Walter D. Mignolo
POLITICS OF DECOLONIAL INVESTIGATIONS
18 November 2020
In this Theory from the Margins event, we discuss two works (published and forthcoming) by philosopher and semiotician Walter D. Mignolo, one of the world’s foremost thinkers on epistemic decolonization, and one of the founders of the modernity/coloniality school of thought.
In On Decoloniality, Walter D. Mignolo and Catherine E. Walsh explore the hidden forces of the colonial matrix of power, its origination, transformation, and current presence, while asking the crucial questions of decoloniality’s how, what, why, with whom, and what for. Interweaving theory-praxis with local histories and perspectives of struggle, they illustrate the conceptual and analytic dynamism of decolonial ways of living and thinking, as well as the creative force of resistance and re-existence. This book speaks to the urgency of these times, encourages delinkings from the colonial matrix of power and its “universals” of Western modernity and global capitalism, and engages with arguments and struggles for dignity and life against death, destruction, and civilizational despair.
In The Politics of Decolonial Investigations, Walter D. Mignolo provides a sweeping examination of how coloniality has operated around the world in its myriad forms between the sixteenth and twenty-first centuries. Decolonial border thinking allows Mignolo to outline how the combination of the self-fashioned narratives of Western Civilization and the hegemony of Eurocentric thought served to eradicate all knowledges in non-European languages and praxis of living and being. Mignolo also traces the geopolitical origins of racialized and gendered classifications, modernity, globalization, cosmopolitanism, placing them all within the framework of coloniality. Drawing on the work of theorists and decolonial practitioners from the global South and the global East, Mignolo shows how coloniality has provoked the emergence of decolonial politics initiated by delinking from all forms of Western knowledge and subjectivities.

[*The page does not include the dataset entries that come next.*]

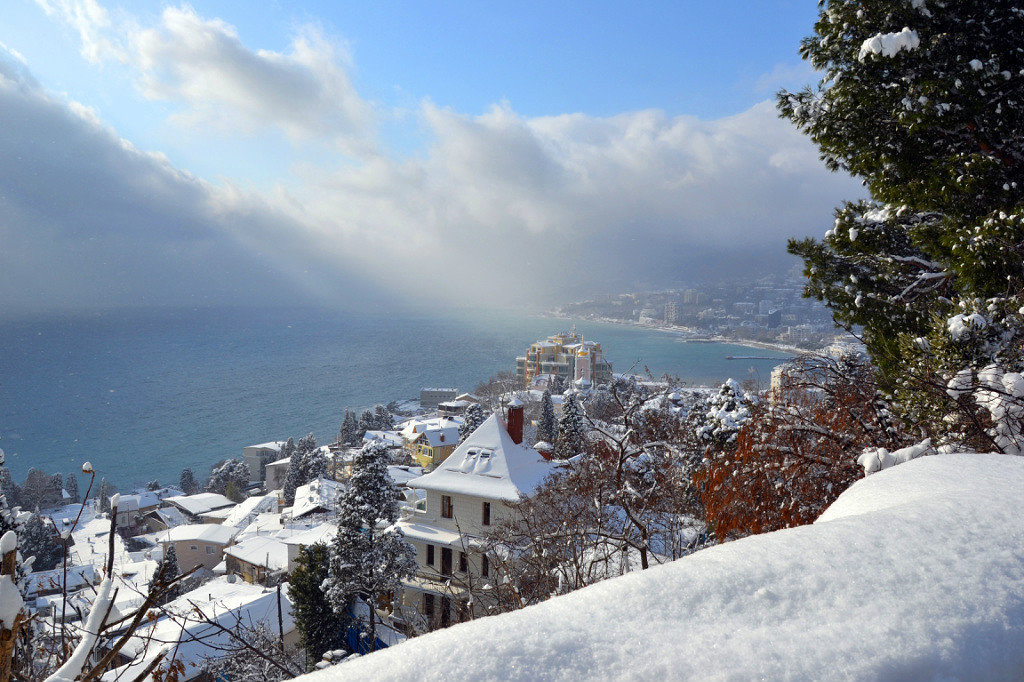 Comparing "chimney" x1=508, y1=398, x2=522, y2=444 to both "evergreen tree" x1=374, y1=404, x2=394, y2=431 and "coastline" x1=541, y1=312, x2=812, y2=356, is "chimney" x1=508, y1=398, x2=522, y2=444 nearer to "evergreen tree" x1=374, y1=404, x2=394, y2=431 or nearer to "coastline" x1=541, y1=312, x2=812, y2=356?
"coastline" x1=541, y1=312, x2=812, y2=356

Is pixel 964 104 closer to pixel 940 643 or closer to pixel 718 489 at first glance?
pixel 718 489

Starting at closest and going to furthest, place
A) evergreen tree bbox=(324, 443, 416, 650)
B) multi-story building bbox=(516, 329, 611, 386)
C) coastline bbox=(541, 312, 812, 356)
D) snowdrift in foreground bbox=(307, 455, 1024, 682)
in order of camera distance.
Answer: snowdrift in foreground bbox=(307, 455, 1024, 682) < evergreen tree bbox=(324, 443, 416, 650) < multi-story building bbox=(516, 329, 611, 386) < coastline bbox=(541, 312, 812, 356)

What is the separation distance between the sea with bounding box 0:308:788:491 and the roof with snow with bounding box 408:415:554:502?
18.2 meters

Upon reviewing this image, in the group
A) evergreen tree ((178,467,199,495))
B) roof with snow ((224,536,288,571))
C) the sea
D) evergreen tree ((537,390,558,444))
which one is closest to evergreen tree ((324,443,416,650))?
roof with snow ((224,536,288,571))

The urgent task Mignolo stresses, is the epistemic reconstitution of categories of thoughts and praxis of living destituted in the very process of building Western Civilization and the idea of modernity. Overcoming the long-lasting hegemony of the West and its distorted legacies is already under way in all areas of human existence. Mignolo underscores the relevance of the politics of decolonial investigations, in and out the academy, to liberate ourselves from canonized knowledge, ways of knowing and praxis of living.
Walter D. Mignolo is William H. Wannamaker Professor and Director of the Center for Global Studies and the Humanities at Duke University. He was associated researcher at Universidad Andina Simón Bolívar, Quito, 2002-2018) and an Honorary Research Associate for CISA (Center for Indian Studies in South Africa), Wits University at Johannesburg (2015-2019). He is a Senior Advisor of DOC (Dialogue of Civilizations) Research Institute, based in Berlin and received a Doctor Honoris Causa Degree from the University National of Buenos Aires, Argentina. Among his books related to the topic are: The Darker Side of the Renaissance. Literacy, Territoriality and Colonization (1995, Chinese and Spanish translation 2015); Delinking: The Rhetoric of Modernity, the Logic of Coloniality and the Grammar of Decoloniality (2007, translated into German, French, Swedish, Rumanian and Spanish), Local Histories/Global Designs: Coloniality, Subaltern Knowledges and Border Thinking (2000, translated into Spanish, Portuguese and Korean); and The Idea of Latin America (2006, translated into Spanish, Korean and Italian, On Decoloniality: Concepts, Analysis, Praxis, co-authored with Catherine Walsh, 2018; and, The Politics of Decolonial Investigations (Duke University Press, 2021).